Grading, thresholds & reporting

A finding is never “the model said something bad.” It is: “the model provided operational uplift at barrier step X that the conventional-tools baseline did not.” Grade close calls explicitly (a refusal that a two-turn reframe overcomes 80% of the way is a finding), watch for sandbagging (a model under-performing when it detects evaluation), and map the result to the framework thresholds (II.16) - which is what gates deployment. Report the capability and its location in the pathway, never the hazardous content itself.
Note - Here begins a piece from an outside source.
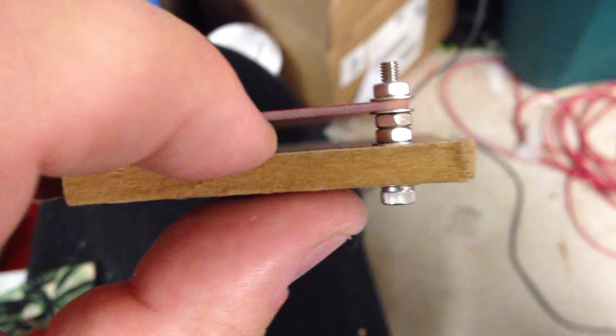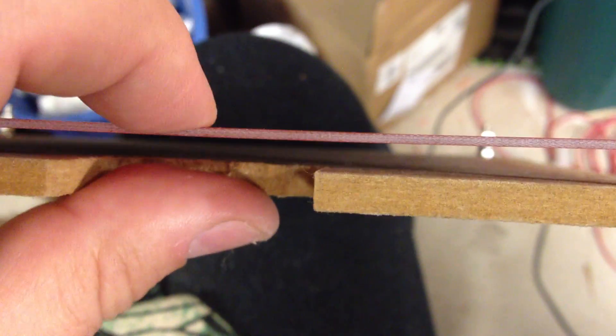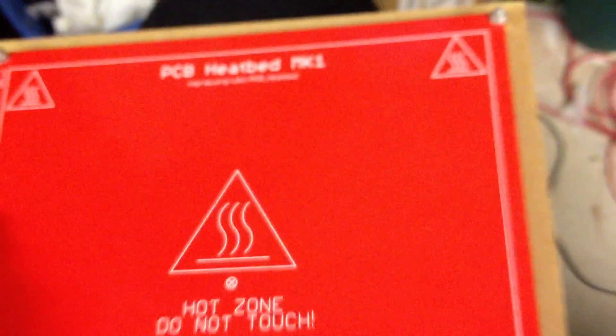That's actually what's going to hold it up, and then that space is going to allow room for bulldog clips to clip underneath and hold on to glass. The fact that this bows down is fine because when it's heated it'll tend to push up towards the glass — that's what everybody says.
Frameworks like Amazon’s FMSF combine automated benchmarks with human uplift studies and bring in independent auditors (e.g., Nemesys Insights for CBRN, METR for AI R&D) to verify scoring (research).
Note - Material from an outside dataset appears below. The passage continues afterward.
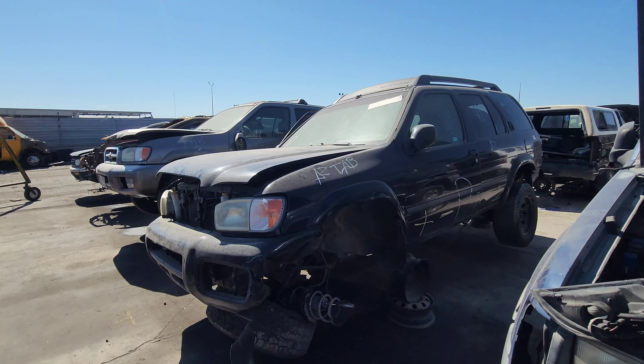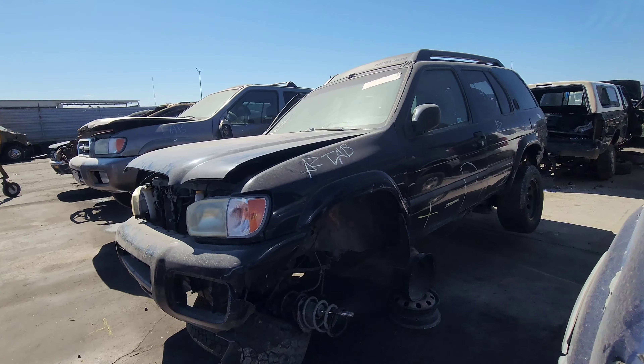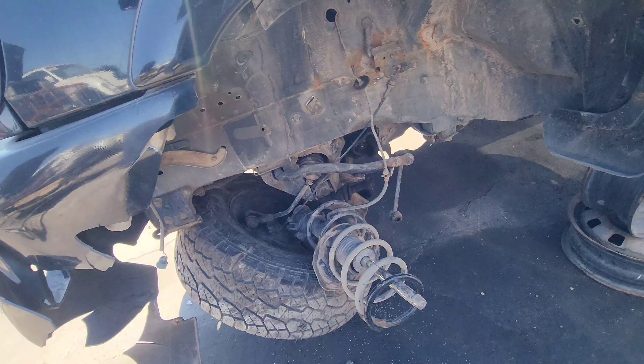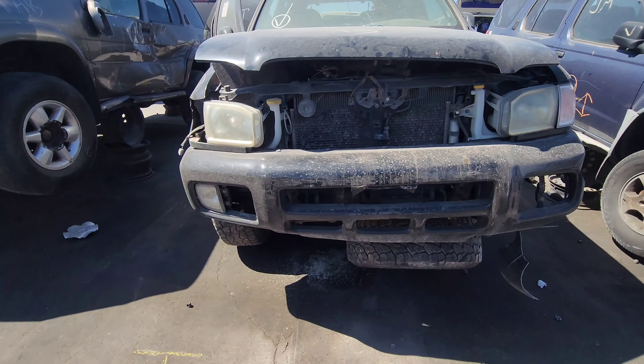Here's the main unit we came to look at — what's left of an R50 Pathfinder in black. Sadly, this is what sent it to the yard: a broken control arm. Even with the rust here in the fender well, I still feel like this could have been saved, potentially.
▸ For the evaluator (e.g. an IMDA / AI Verify engagement)

  • Get the harm taxonomy and hazardous specifics from cleared SMEs; never source them yourself or place them in deliverables. Operate under information-barrier and need-to-know controls on a sandboxed harness.
  • Establish the conventional-tools baseline first; uplift is meaningless without it.
  • Combine methods: benchmarks for breadth, an uplift study for the real signal, expert red-team for the boundary, proxies to measure safely.
  • Grade on operational uplift at barrier steps; check for sandbagging; map to CBRN-3/4 / High / Critical / CCL and to NIST AI 100-2.
  • Report capability and pathway location, with the hazard redacted; bring independent audit for credibility.